Meijer VP of Infrastructure & Operations Rodney McCarter explained the strategy at NRF’s Big Show. McCarter started off by talking about why connectivity is becoming so important and why retailers need to keep employees and customers Internet-connected at all times.
“There's a lot of technology and business value that that technology is starting to bring in our stores. Whether it's leveraging robots, software robots, efficiency robots, stuff in store, leveraging data, mandatory management type stuff, using technologies to communicate with our customers more effectively. And what that means from a network perspective is that that network has to be reliable and robust, the speed's got to be fast. Wi-fi everywhere. Every part, the deli, and the freezers, and the refrigerators, outside the building, so that creates challenges in terms of how we got to design that network.”
That’s why Meijer has prioritized building a robust computer platform to operate that network on and to collect data.
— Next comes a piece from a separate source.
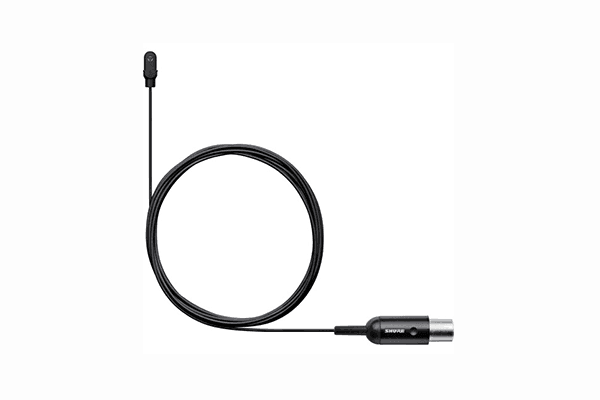 Shure TwinPlex TL47 Omnidirectional Lavalier Microphone with TA4F Connector and Accessories (Black) - TL47B/O-MTQG-A - Creation Networks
“Our network reliability has gone way up,” McCarter said. “When I joined Meijer about 10 years ago, the number one contributor to unplanned downtime was the network, by far. That has significantly changed in the last two years through deployments we made with wireless and the process of deploying our SD-WAN solution now. The number of incidents have gone down.”
McCarter said the retailer’s new networking capabilities have also helped support the ways Meijer is engaging with customers now, including the company’s Shop & Scan, delivery and curbside pickup services.
“We've accelerated the amount of store pickup we do, and curbside delivery we do, and third-party that we do. All those processes involve our wireless network operating both inside our building and outside of our building. Years ago, people thought of customer Wi-fi as a nice thing to have. Today, customer wi-fi actually underpins some revenue generating operations for us,” McCarter said.
As for Meijer’s employees, the new network has helped them increase their own productivity.
“Whether it's their inventory operations they have to do in store, how they communicate, we have to get them out on the floor. We don't want our team members in the back room someplace on a computer, we want them on the floor, right? So the network allows them to do that with a timing clip for a specific physical location,” he said.
In the years ahead, McCarter said, Meijer is looking at leveraging more location data in-store.
“Some ideas we've been tossing around are how do we leverage this rich location data in how people are moving through our stores,” McCarter said. “I always try to appreciate the new ways that engage the people in our store.”
He also said increasing team members' productivity is another future focus.
“The more mobile, the more easily we can get specific information and data to our team's hands, the more we can enrich that experience we have with our customers,” McCarter said. “And then we're also looking at investigating new checkout experiences to make it simpler to get in and out of our stores.”